Records for processing>

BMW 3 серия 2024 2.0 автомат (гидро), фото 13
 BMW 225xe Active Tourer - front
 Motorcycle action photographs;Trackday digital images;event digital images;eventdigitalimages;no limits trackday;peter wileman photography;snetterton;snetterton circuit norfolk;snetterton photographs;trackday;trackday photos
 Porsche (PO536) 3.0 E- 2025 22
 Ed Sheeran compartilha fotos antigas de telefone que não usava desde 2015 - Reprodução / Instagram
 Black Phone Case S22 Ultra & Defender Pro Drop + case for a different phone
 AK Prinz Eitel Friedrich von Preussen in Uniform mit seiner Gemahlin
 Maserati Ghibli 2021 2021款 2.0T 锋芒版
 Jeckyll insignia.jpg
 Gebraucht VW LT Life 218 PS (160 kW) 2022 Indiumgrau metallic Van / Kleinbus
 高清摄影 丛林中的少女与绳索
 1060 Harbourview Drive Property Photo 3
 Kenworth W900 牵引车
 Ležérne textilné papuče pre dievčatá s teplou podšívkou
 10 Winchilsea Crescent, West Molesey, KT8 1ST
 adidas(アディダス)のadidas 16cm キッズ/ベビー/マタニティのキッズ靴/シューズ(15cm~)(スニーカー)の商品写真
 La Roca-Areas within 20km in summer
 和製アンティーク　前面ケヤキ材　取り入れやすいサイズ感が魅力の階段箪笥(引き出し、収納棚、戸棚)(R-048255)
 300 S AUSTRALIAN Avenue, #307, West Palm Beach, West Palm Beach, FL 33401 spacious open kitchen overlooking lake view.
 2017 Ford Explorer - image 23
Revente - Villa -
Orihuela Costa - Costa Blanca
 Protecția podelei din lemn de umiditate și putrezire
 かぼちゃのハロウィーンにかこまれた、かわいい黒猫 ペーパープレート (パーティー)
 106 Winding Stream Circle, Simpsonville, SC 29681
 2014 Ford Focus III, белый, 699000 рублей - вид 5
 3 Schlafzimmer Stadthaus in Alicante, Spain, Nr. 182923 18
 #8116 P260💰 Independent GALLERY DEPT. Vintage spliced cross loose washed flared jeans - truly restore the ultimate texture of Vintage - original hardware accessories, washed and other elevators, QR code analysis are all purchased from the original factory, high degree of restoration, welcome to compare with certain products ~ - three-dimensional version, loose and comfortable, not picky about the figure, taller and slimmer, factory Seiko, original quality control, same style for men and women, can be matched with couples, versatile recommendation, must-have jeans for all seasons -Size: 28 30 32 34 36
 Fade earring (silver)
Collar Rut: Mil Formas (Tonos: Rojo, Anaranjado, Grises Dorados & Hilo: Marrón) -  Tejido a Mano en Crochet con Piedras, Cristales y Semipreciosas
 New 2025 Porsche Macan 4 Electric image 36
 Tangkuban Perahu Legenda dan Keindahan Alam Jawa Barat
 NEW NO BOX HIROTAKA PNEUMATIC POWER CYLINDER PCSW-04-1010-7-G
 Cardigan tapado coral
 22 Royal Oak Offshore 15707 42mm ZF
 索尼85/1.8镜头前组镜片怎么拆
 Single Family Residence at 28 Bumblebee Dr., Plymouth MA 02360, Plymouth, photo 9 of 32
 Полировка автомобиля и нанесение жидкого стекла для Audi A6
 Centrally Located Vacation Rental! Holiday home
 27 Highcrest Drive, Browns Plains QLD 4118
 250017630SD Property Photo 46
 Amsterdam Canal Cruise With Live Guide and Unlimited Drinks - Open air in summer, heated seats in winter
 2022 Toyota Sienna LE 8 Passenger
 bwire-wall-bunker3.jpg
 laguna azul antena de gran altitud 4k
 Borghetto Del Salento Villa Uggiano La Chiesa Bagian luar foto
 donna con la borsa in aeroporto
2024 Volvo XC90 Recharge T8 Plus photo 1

Required action> Set down every line of the listing above again, exactly as given.

Task answer>
BMW 3 серия 2024 2.0 автомат (гидро), фото 13
 BMW 225xe Active Tourer - front
 Motorcycle action photographs;Trackday digital images;event digital images;eventdigitalimages;no limits trackday;peter wileman photography;snetterton;snetterton circuit norfolk;snetterton photographs;trackday;trackday photos
 Porsche (PO536) 3.0 E- 2025 22
 Ed Sheeran compartilha fotos antigas de telefone que não usava desde 2015 - Reprodução / Instagram
 Black Phone Case S22 Ultra & Defender Pro Drop + case for a different phone
 AK Prinz Eitel Friedrich von Preussen in Uniform mit seiner Gemahlin
 Maserati Ghibli 2021 2021款 2.0T 锋芒版
 Jeckyll insignia.jpg
 Gebraucht VW LT Life 218 PS (160 kW) 2022 Indiumgrau metallic Van / Kleinbus
 高清摄影 丛林中的少女与绳索
 1060 Harbourview Drive Property Photo 3
 Kenworth W900 牵引车
 Ležérne textilné papuče pre dievčatá s teplou podšívkou
 10 Winchilsea Crescent, West Molesey, KT8 1ST
 adidas(アディダス)のadidas 16cm キッズ/ベビー/マタニティのキッズ靴/シューズ(15cm~)(スニーカー)の商品写真
 La Roca-Areas within 20km in summer
 和製アンティーク　前面ケヤキ材　取り入れやすいサイズ感が魅力の階段箪笥(引き出し、収納棚、戸棚)(R-048255)
 300 S AUSTRALIAN Avenue, #307, West Palm Beach, West Palm Beach, FL 33401 spacious open kitchen overlooking lake view.
 2017 Ford Explorer - image 23
Revente - Villa -
Orihuela Costa - Costa Blanca
 Protecția podelei din lemn de umiditate și putrezire
 かぼちゃのハロウィーンにかこまれた、かわいい黒猫 ペーパープレート (パーティー)
 106 Winding Stream Circle, Simpsonville, SC 29681
 2014 Ford Focus III, белый, 699000 рублей - вид 5
 3 Schlafzimmer Stadthaus in Alicante, Spain, Nr. 182923 18
 #8116 P260💰 Independent GALLERY DEPT. Vintage spliced cross loose washed flared jeans - truly restore the ultimate texture of Vintage - original hardware accessories, washed and other elevators, QR code analysis are all purchased from the original factory, high degree of restoration, welcome to compare with certain products ~ - three-dimensional version, loose and comfortable, not picky about the figure, taller and slimmer, factory Seiko, original quality control, same style for men and women, can be matched with couples, versatile recommendation, must-have jeans for all seasons -Size: 28 30 32 34 36
 Fade earring (silver)
Collar Rut: Mil Formas (Tonos: Rojo, Anaranjado, Grises Dorados & Hilo: Marrón) -  Tejido a Mano en Crochet con Piedras, Cristales y Semipreciosas
 New 2025 Porsche Macan 4 Electric image 36
 Tangkuban Perahu Legenda dan Keindahan Alam Jawa Barat
 NEW NO BOX HIROTAKA PNEUMATIC POWER CYLINDER PCSW-04-1010-7-G
 Cardigan tapado coral
 22 Royal Oak Offshore 15707 42mm ZF
 索尼85/1.8镜头前组镜片怎么拆
 Single Family Residence at 28 Bumblebee Dr., Plymouth MA 02360, Plymouth, photo 9 of 32
 Полировка автомобиля и нанесение жидкого стекла для Audi A6
 Centrally Located Vacation Rental! Holiday home
 27 Highcrest Drive, Browns Plains QLD 4118
 250017630SD Property Photo 46
 Amsterdam Canal Cruise With Live Guide and Unlimited Drinks - Open air in summer, heated seats in winter
 2022 Toyota Sienna LE 8 Passenger
 bwire-wall-bunker3.jpg
 laguna azul antena de gran altitud 4k
 Borghetto Del Salento Villa Uggiano La Chiesa Bagian luar foto
 donna con la borsa in aeroporto
2024 Volvo XC90 Recharge T8 Plus photo 1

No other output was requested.